> [Input data]
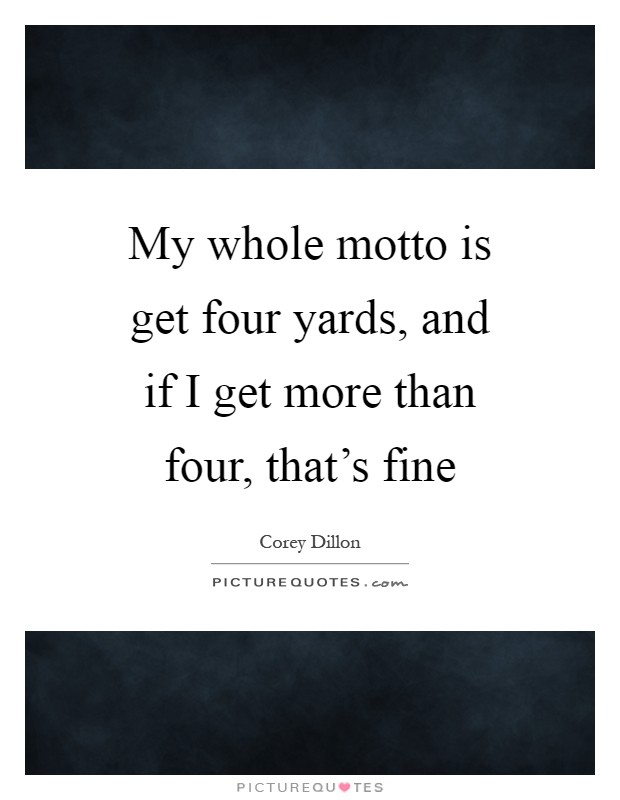 My whole motto is get four yards, and if I get more than four, that's fine Picture Quote #1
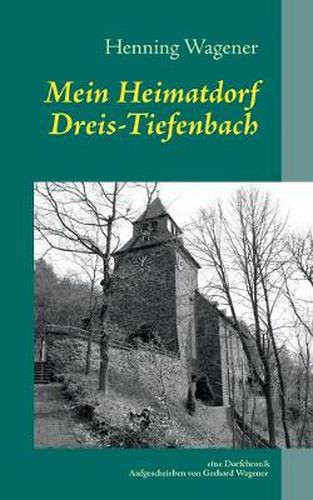 Cover image for Mein Heimatdorf Dreis-Tiefenbach: Eine Dorfchronik von Gerhard Wagener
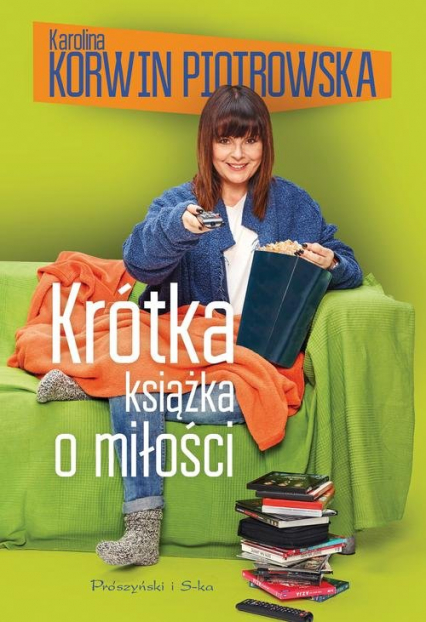 Krótka książka o miłości - Karolina Korwin-Piotrowska | okładka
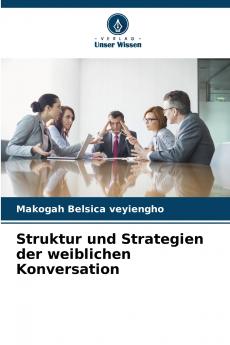 Struktur und Strategien der weiblichen Konversation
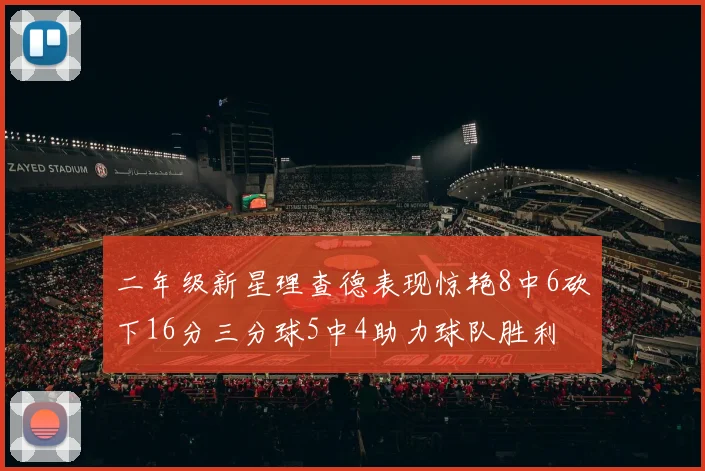 二年级新星理查德表现惊艳8中6砍下16分三分球5中4助力球队胜利
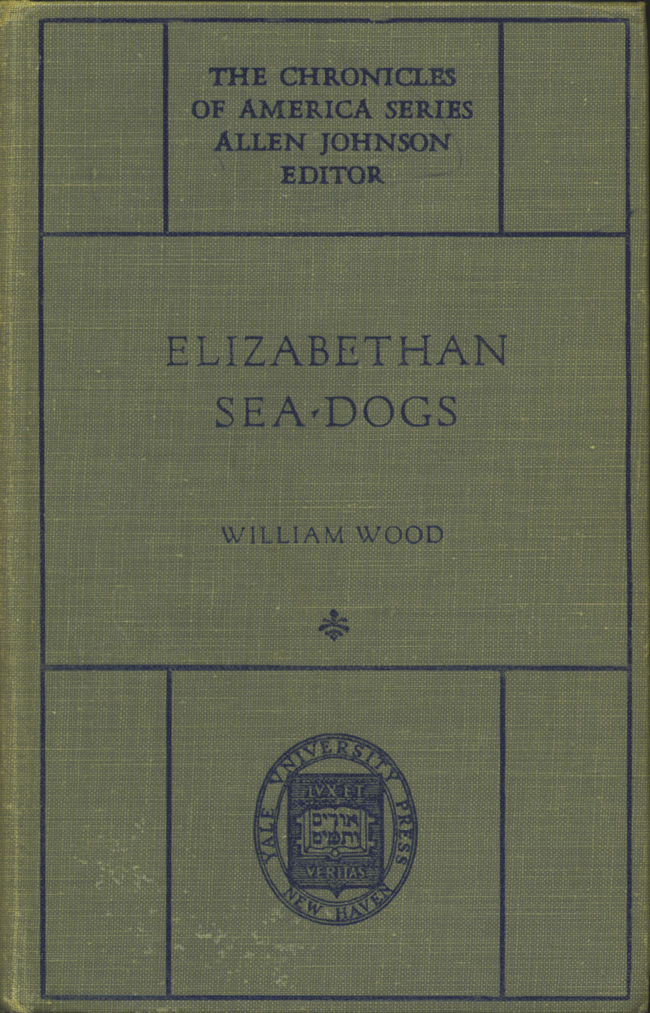 Elizabethan Deniz Köpekleri: Drake ve Arkadaşlarının Günlükleri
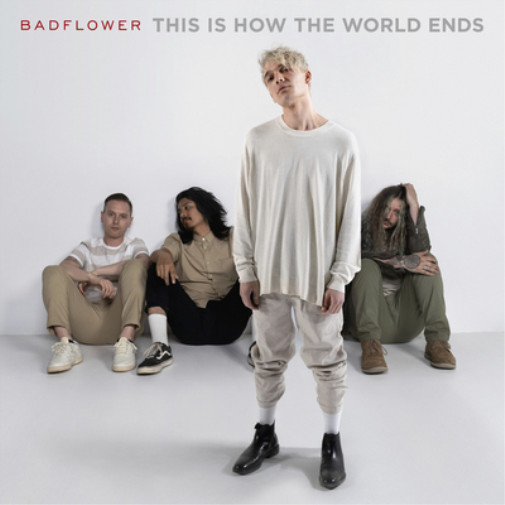 Badflower This Is How the World Ends (CD) Album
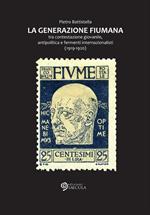 La generazione fiumana. Tra contestazione giovanile, antipolitica e fermenti internazionalisti (1919-1920)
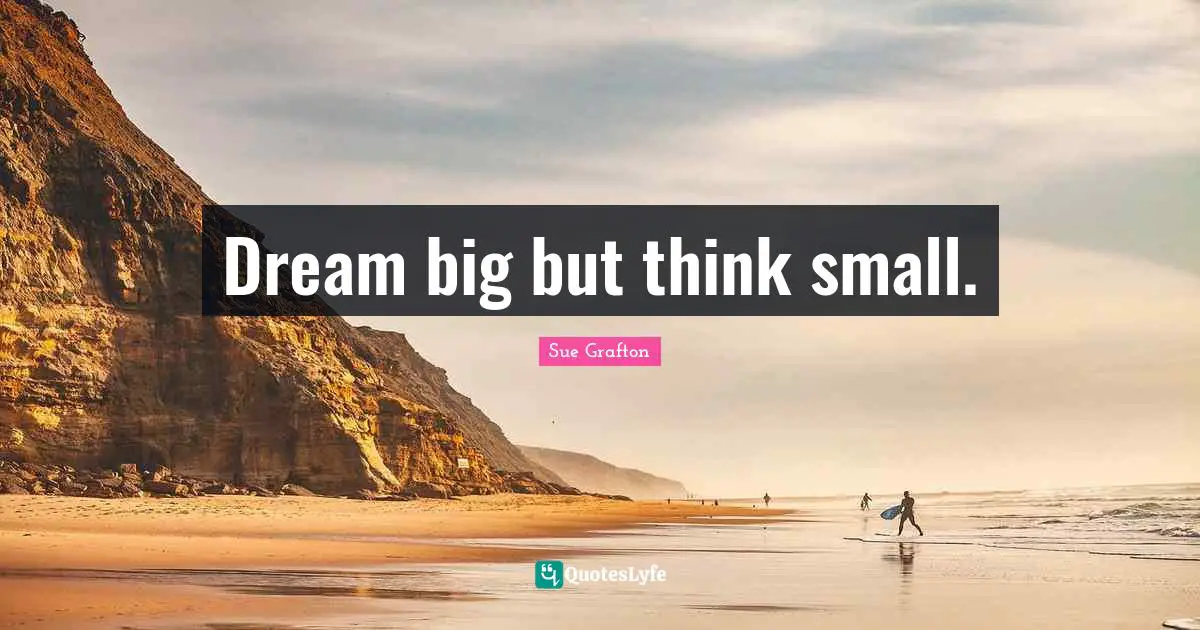 Sue Grafton Quotes: "Dream big but think small."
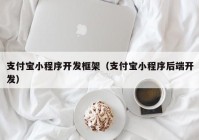 支付寶小程序開發(fā)框架（支付寶小程序后端開發(fā)）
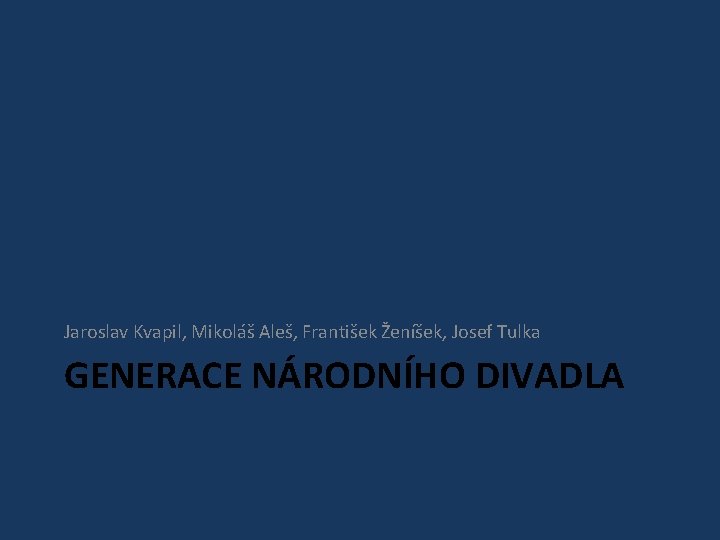 Jaroslav Kvapil, Mikoláš Aleš, František Ženíšek, Josef Tulka GENERACE NÁRODNÍHO DIVADLA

> [The task] Repeat, exactly and in full, all the material above except its pictures.

> [Response below]
 My whole motto is get four yards, and if I get more than four, that's fine Picture Quote #1
 Cover image for Mein Heimatdorf Dreis-Tiefenbach: Eine Dorfchronik von Gerhard Wagener
 Krótka książka o miłości - Karolina Korwin-Piotrowska | okładka
 Struktur und Strategien der weiblichen Konversation
 二年级新星理查德表现惊艳8中6砍下16分三分球5中4助力球队胜利
 Elizabethan Deniz Köpekleri: Drake ve Arkadaşlarının Günlükleri
 Badflower This Is How the World Ends (CD) Album
 La generazione fiumana. Tra contestazione giovanile, antipolitica e fermenti internazionalisti (1919-1920)
 Sue Grafton Quotes: "Dream big but think small."
 支付寶小程序開發(fā)框架（支付寶小程序后端開發(fā)）
 Jaroslav Kvapil, Mikoláš Aleš, František Ženíšek, Josef Tulka GENERACE NÁRODNÍHO DIVADLA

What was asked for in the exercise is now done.